◆ Task objective
Exclude all pictures, and reproduce exactly the lines from the one containing "ancient gate in" through the end of the records, with nothing else added.

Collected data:
◆ ◆ ◆

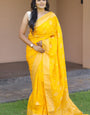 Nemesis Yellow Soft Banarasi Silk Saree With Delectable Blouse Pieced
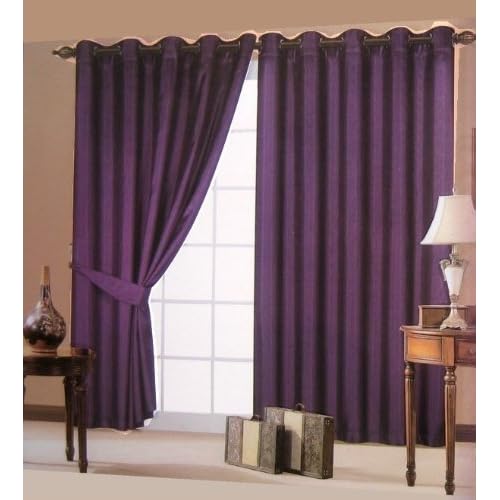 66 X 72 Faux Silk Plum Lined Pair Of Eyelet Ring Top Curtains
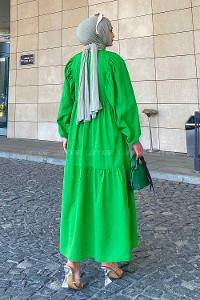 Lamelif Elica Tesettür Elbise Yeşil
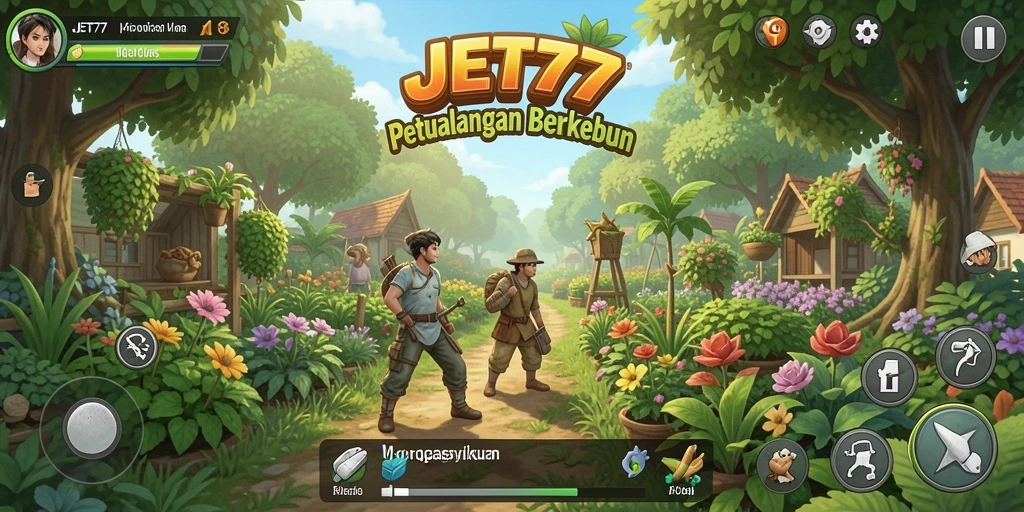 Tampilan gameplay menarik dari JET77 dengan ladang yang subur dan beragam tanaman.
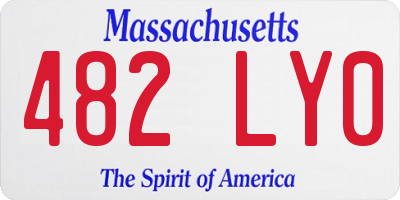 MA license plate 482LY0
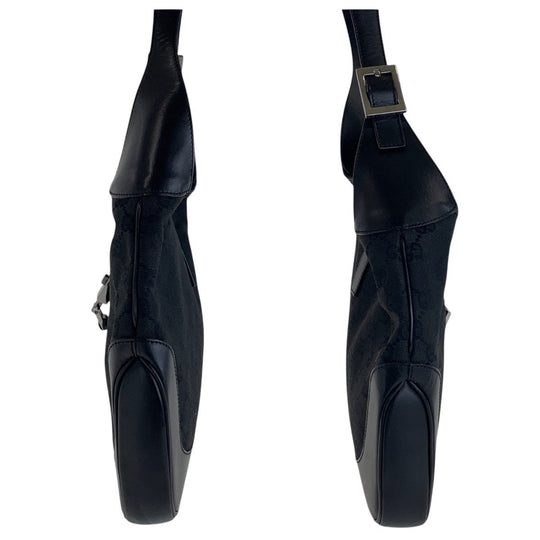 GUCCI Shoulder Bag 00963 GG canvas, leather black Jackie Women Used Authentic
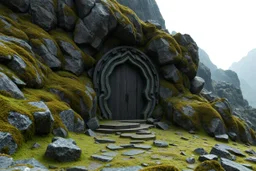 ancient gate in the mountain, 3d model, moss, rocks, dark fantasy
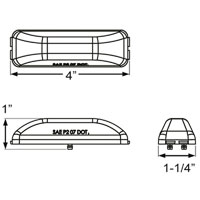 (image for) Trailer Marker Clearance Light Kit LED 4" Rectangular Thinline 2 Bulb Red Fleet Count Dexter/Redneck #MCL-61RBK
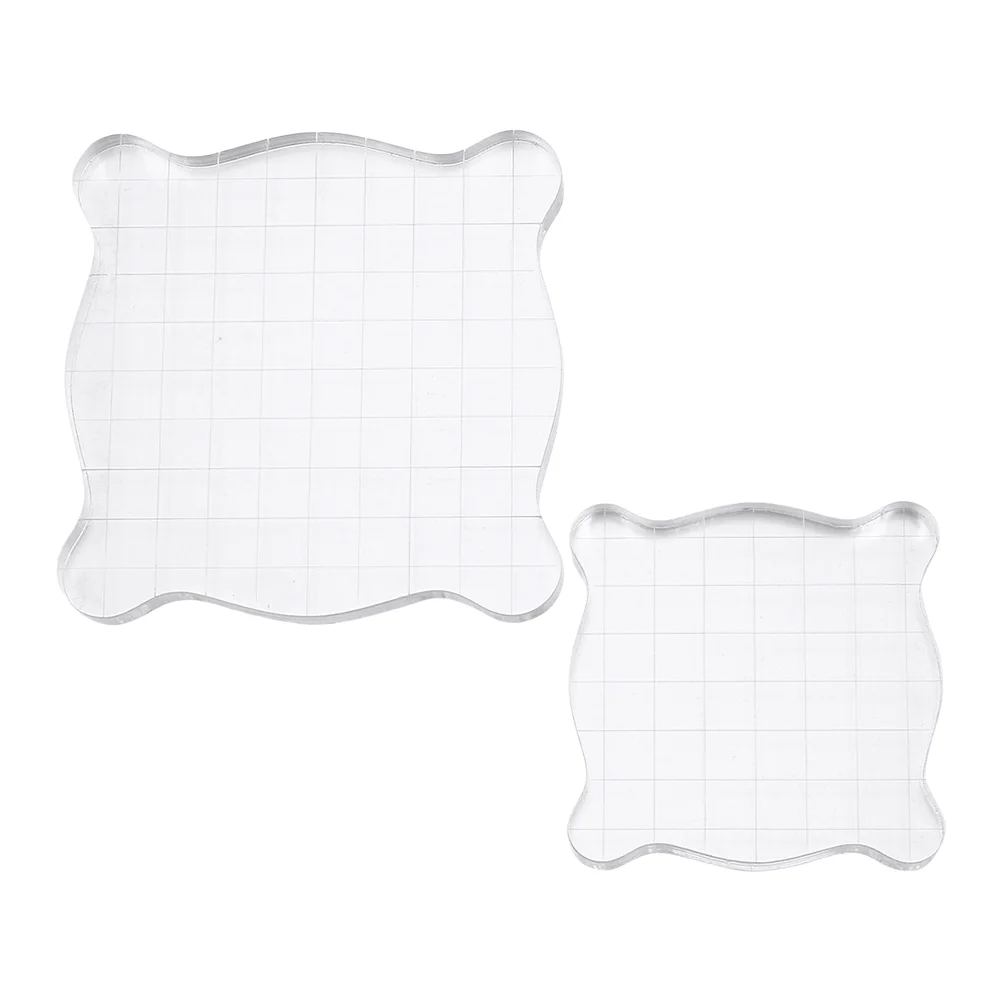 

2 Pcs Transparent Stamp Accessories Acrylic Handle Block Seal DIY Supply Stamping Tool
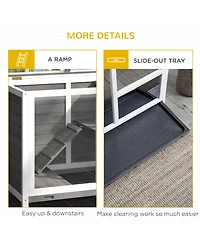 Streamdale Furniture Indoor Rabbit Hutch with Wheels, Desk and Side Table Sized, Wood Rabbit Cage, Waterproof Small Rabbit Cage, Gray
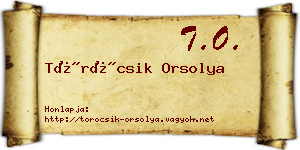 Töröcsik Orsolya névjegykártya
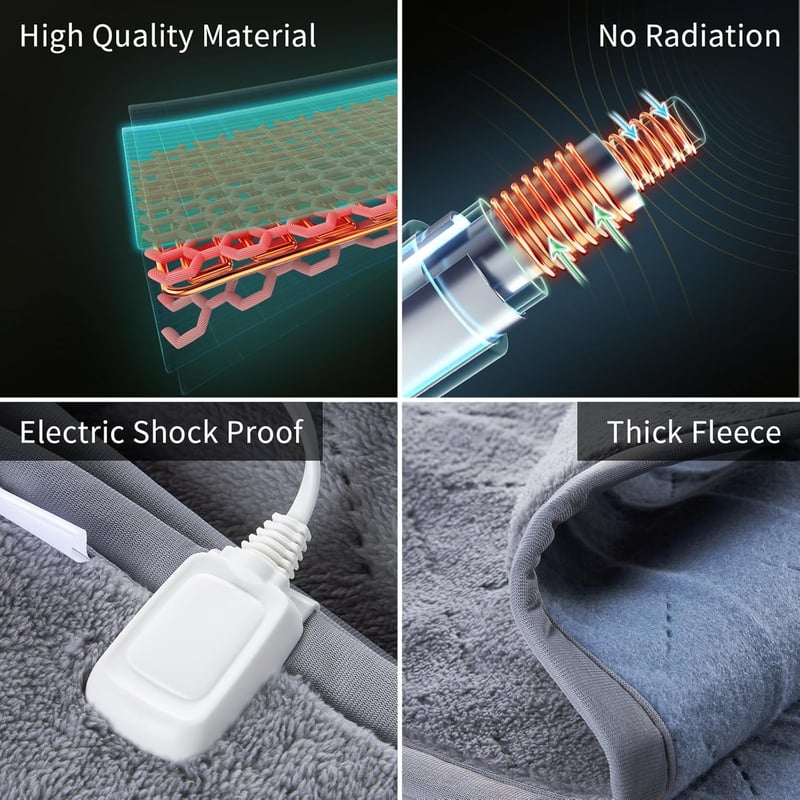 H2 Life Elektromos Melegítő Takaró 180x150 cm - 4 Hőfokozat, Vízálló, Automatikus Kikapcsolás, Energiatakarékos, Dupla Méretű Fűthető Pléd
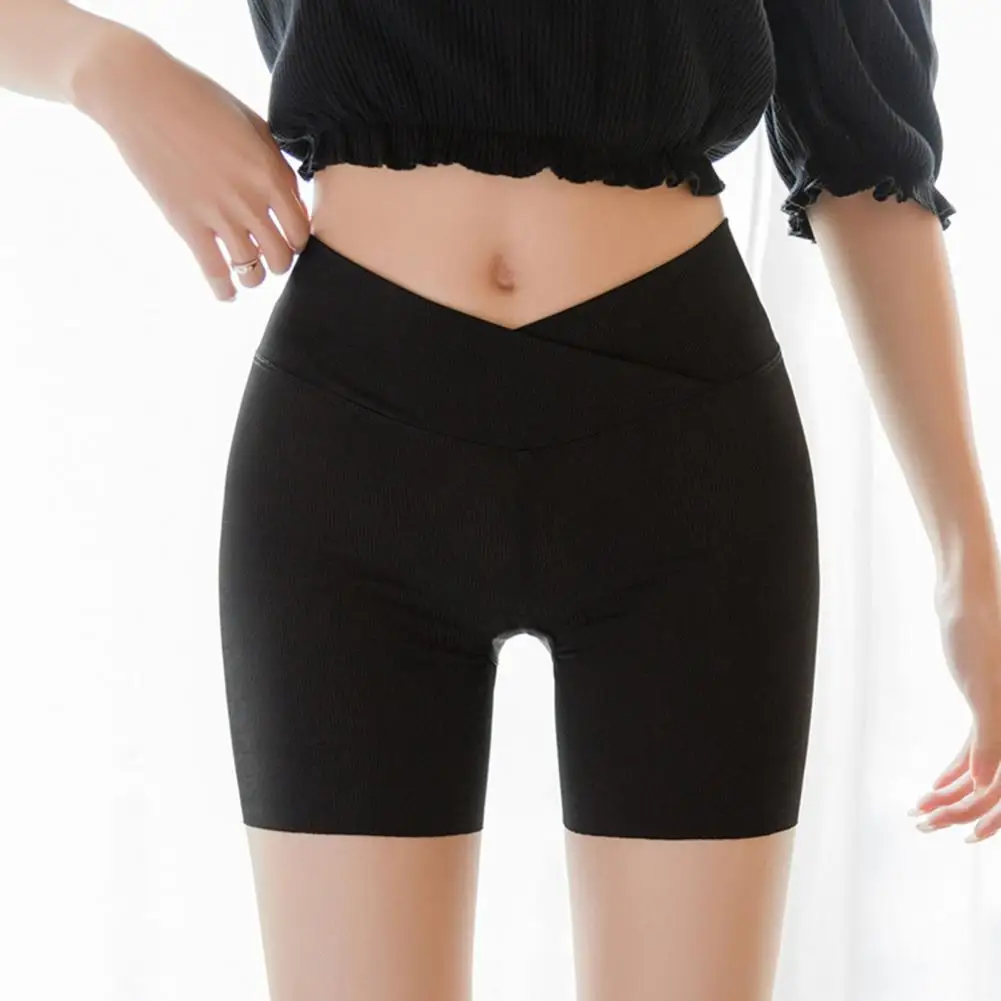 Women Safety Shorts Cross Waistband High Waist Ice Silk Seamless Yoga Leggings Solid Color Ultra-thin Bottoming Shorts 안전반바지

◆ ◆ ◆

◆ Answer box
 ancient gate in the mountain, 3d model, moss, rocks, dark fantasy
 (image for) Trailer Marker Clearance Light Kit LED 4" Rectangular Thinline 2 Bulb Red Fleet Count Dexter/Redneck #MCL-61RBK

2 Pcs Transparent Stamp Accessories Acrylic Handle Block Seal DIY Supply Stamping Tool
 Streamdale Furniture Indoor Rabbit Hutch with Wheels, Desk and Side Table Sized, Wood Rabbit Cage, Waterproof Small Rabbit Cage, Gray
 Töröcsik Orsolya névjegykártya
 H2 Life Elektromos Melegítő Takaró 180x150 cm - 4 Hőfokozat, Vízálló, Automatikus Kikapcsolás, Energiatakarékos, Dupla Méretű Fűthető Pléd
 Women Safety Shorts Cross Waistband High Waist Ice Silk Seamless Yoga Leggings Solid Color Ultra-thin Bottoming Shorts 안전반바지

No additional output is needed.